By: David Lee Matthews
Crain's Chicago Business

Real estate veteran Sean Conlon has a new partner to boost the profile of his North Side residential brokerage in a rising market.

The owner of Conlon Real Estate is teaming up with Christie's International Real Estate, the real estate arm of the historic London auction house, making Conlon the only Christie's affiliate in Chicago. Mr. Conlon aims to boost his firm's brand and reach with Christie's marketing support and international cachet. Mr. Conlon, who declined to disclose terms of the deal, will remain owner of his company.

“(Christie's has) not had a presence in Chicago for a long time,” Mr. Conlon said. “They complement the company most able to serve the high-end market, so I find that to be quite a compliment.”

A native Irishman who worked as a janitor when he first arrived stateside in 1990, Mr. Conlon grew into one of Chicago's most productive brokers by working with developers and asking would-be home sellers door-to-door for business. He co-founded another residential brokerage, Sussex & Reilly, during the last boom and sold it in 2006 as the market was peaking.

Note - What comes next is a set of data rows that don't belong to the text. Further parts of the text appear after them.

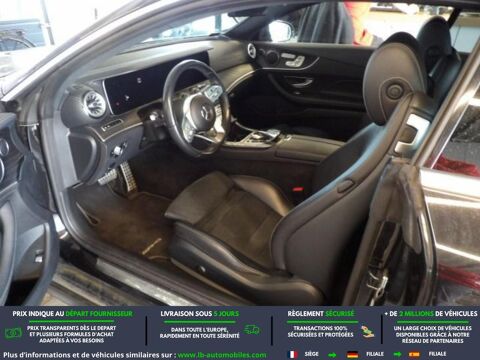 Classe E 220 d BVA 2020 occasion 31850 Beaupuy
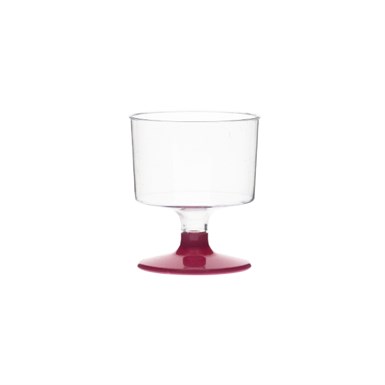 Rubikap R.050 Ayaklı Shot Bardağı 50 ml PS (504lü Koli)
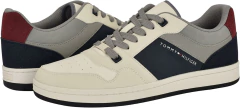 Tênis Sneaker Masculino Tommy Hilfiger - Tamanho 10.5 Usa - 41/42 Brasil na internet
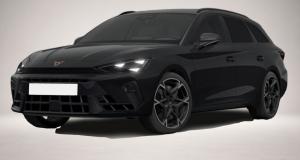 Cupra Leon ST 2.0TSI DSG 4×4 VZ 333 INTELLIGENT DRIVE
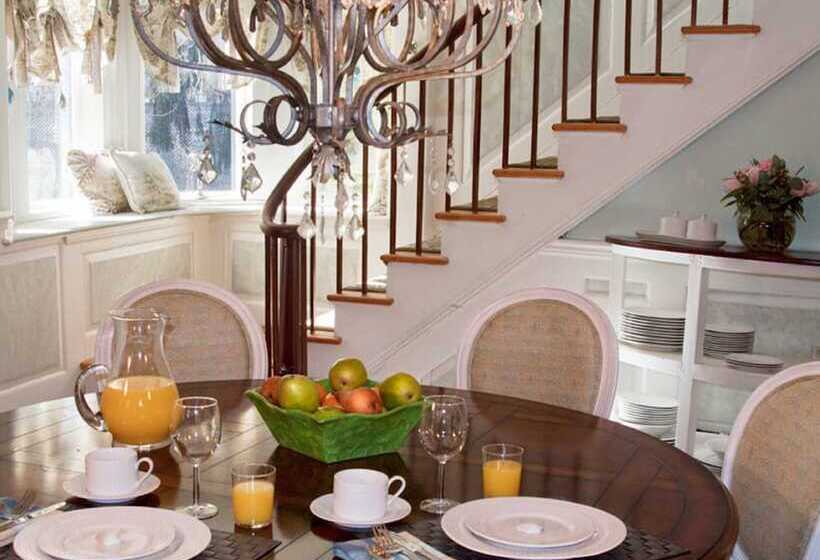 住宿加早餐 Scranton Seahorse Inn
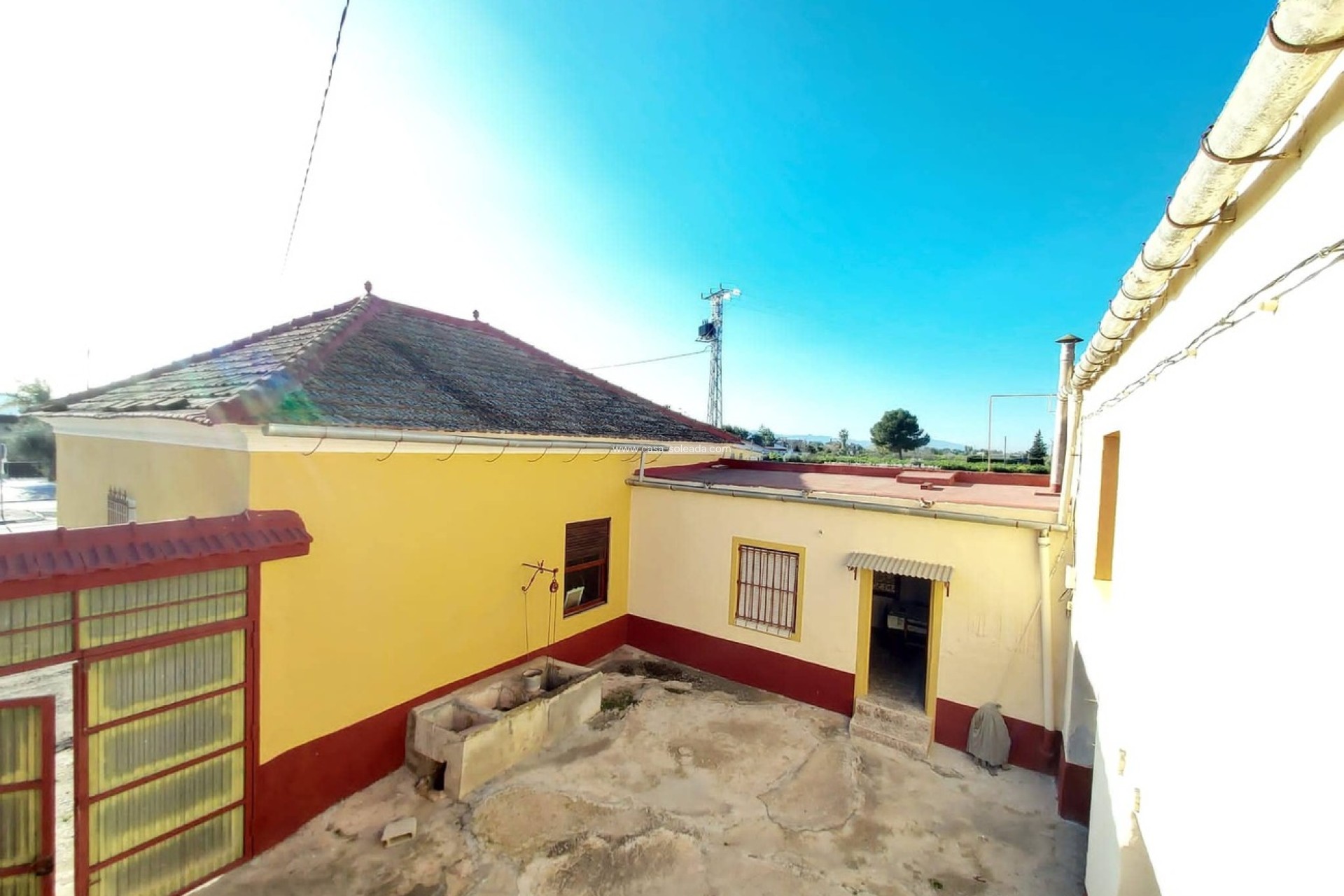 Reventa - Country Property/Finca - Orihuela - Desamparados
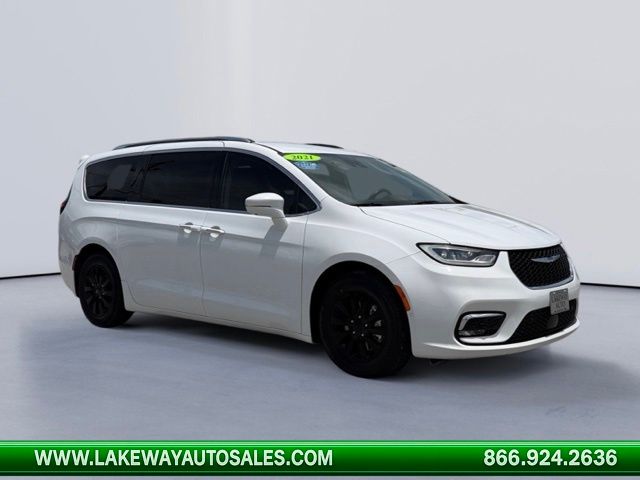 2021 Chrysler Pacifica Hybrid Touring L FWD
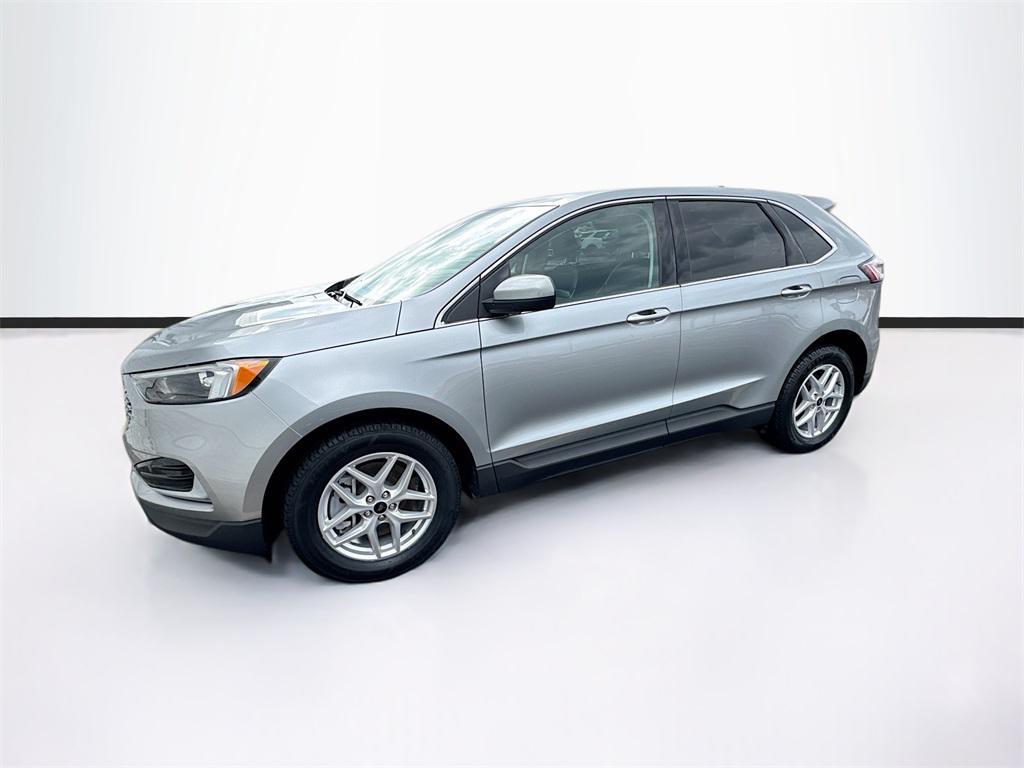used 2024 Ford Edge car, priced at $23,499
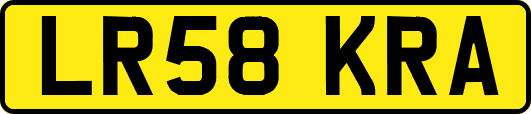LR58KRA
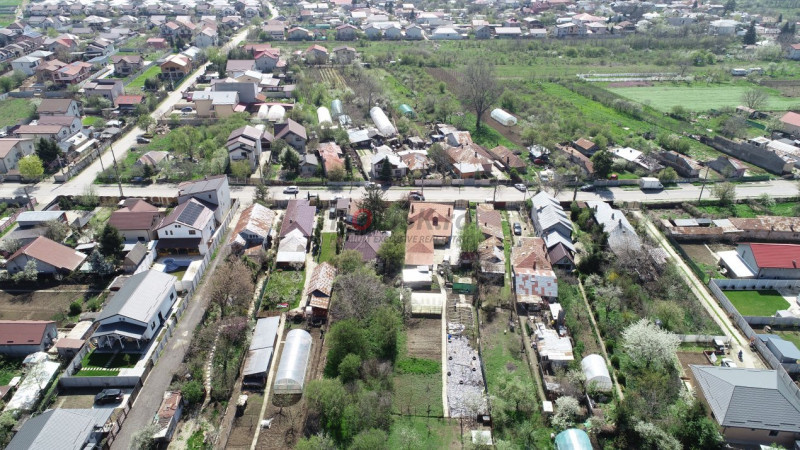 Investiție ideală în Clinceni – Teren 1.655mp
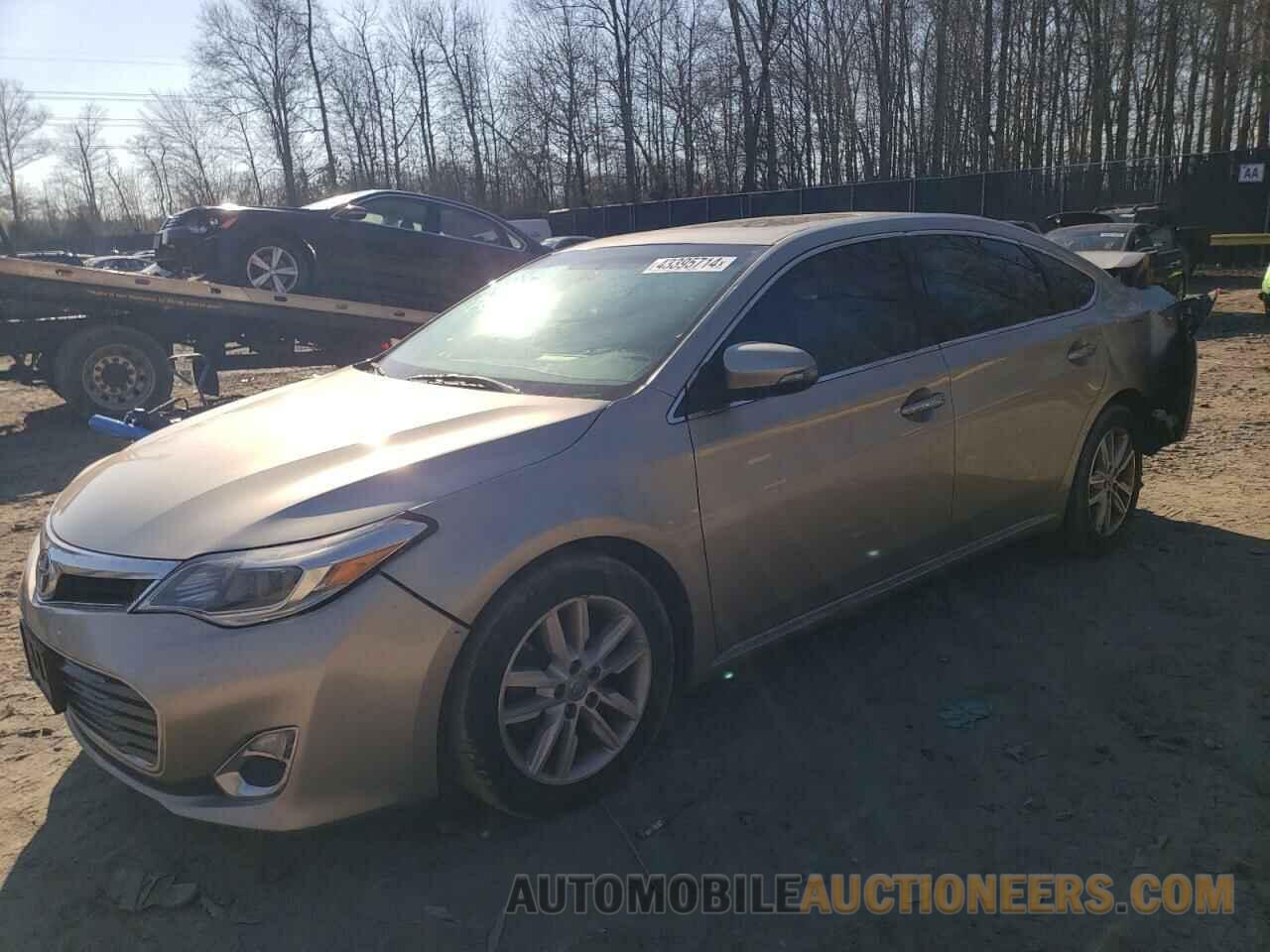 4T1BK1EB8FU188976 TOYOTA AVALON 2015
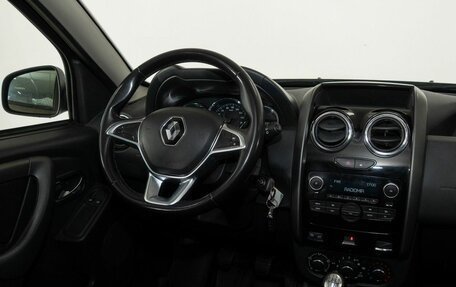 Renault Duster I рестайлинг, 2019 год, 1 615 000 рублей, 12 фотография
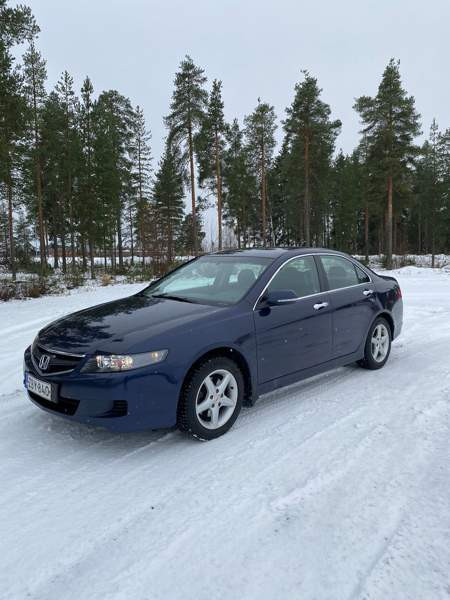 Honda Accord Seinaejoki – foto 1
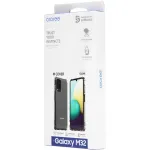 Чехол Samsung для Samsung Galaxy M32 GP-FPM325KDATR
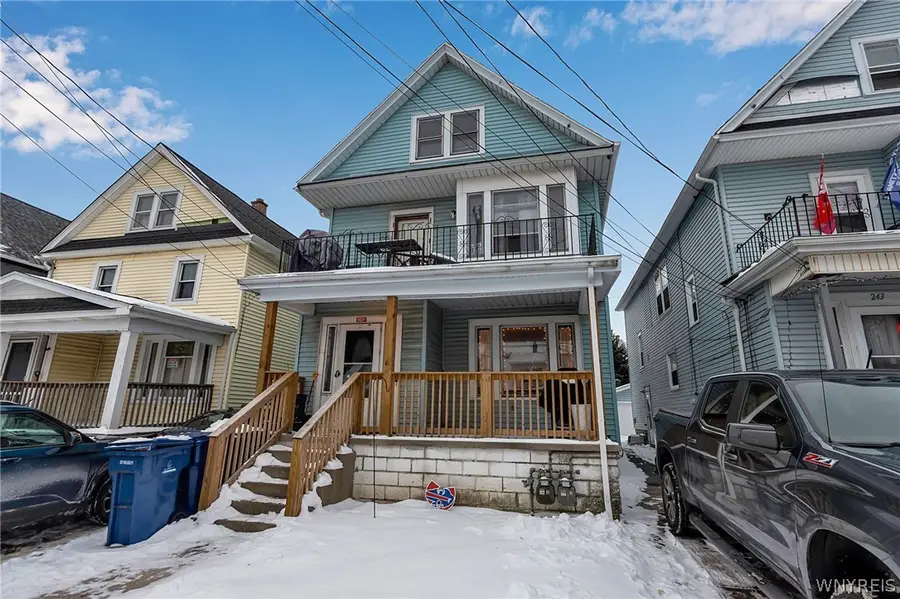 247 Columbus Avenue, Buffalo, NY 14220 - #3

He launched Conlon three years later, as local home prices and sales were tumbling.

Conlon now boasts more than 200 sales agents and just opened a fourth office in Lincoln Park as the market continues to come back. By teaming with Christie's, Mr. Conlon hopes his mid-tier brokerage will gain international exposure and clientele and attract new luxury brokers and buyers. Already, Mr. Conlon said, his firm moved “several hedge fund guys” out of London to Chicago, declining to elaborate.

“Chicago is finally on its way to being recognized as an international city,” Mr. Conlon said. “To have global access to 140 locations in 40 countries is absolutely necessary.”

Mr. Conlon expects the new affiliation to improve his branding and exposure to an international pool of luxury buyers. Conlon will be listed as an affiliate on the Christie's website, and the company will swap referrals in the network for home shoppers leaving or arriving in Chicago, he said. Mr. Conlon, who plans on opening more offices, also expects the Christie's brand to help recruit high-end sales agents to his firm.

"I would say there will be plenty of interesting news in the coming months," he said.

Though growing, the brokerage will need much more business to join the area's biggest firms. Conlon sold $500 million in residential real estate last year, compared to $3.2 billion for Chicago brokerage @properties and $6.7 billion for market leader Coldwell Banker NRT. Conlon has sold more than $300 million through the first half of this year.

Most of the large real estate firms already have a luxury affiliation, and Christie's support should help Conlon, said Prudential Rubloff Properties broker Jeff Lowe, who worked for Mr. Conlon for 10 years at Sussex & Reilly. Jameson became a Sotheby's affiliate in 2011.

As long as mortgage interest rates “stay in check,” the new partnership should work well with a strong market ahead, Mr. Lowe said.

“I'm very fond of Sean, and I think they have some really strong brokers,” Mr. Lowe said. “It's a move in the right direction for him.”

A Christie's executive did not return a message.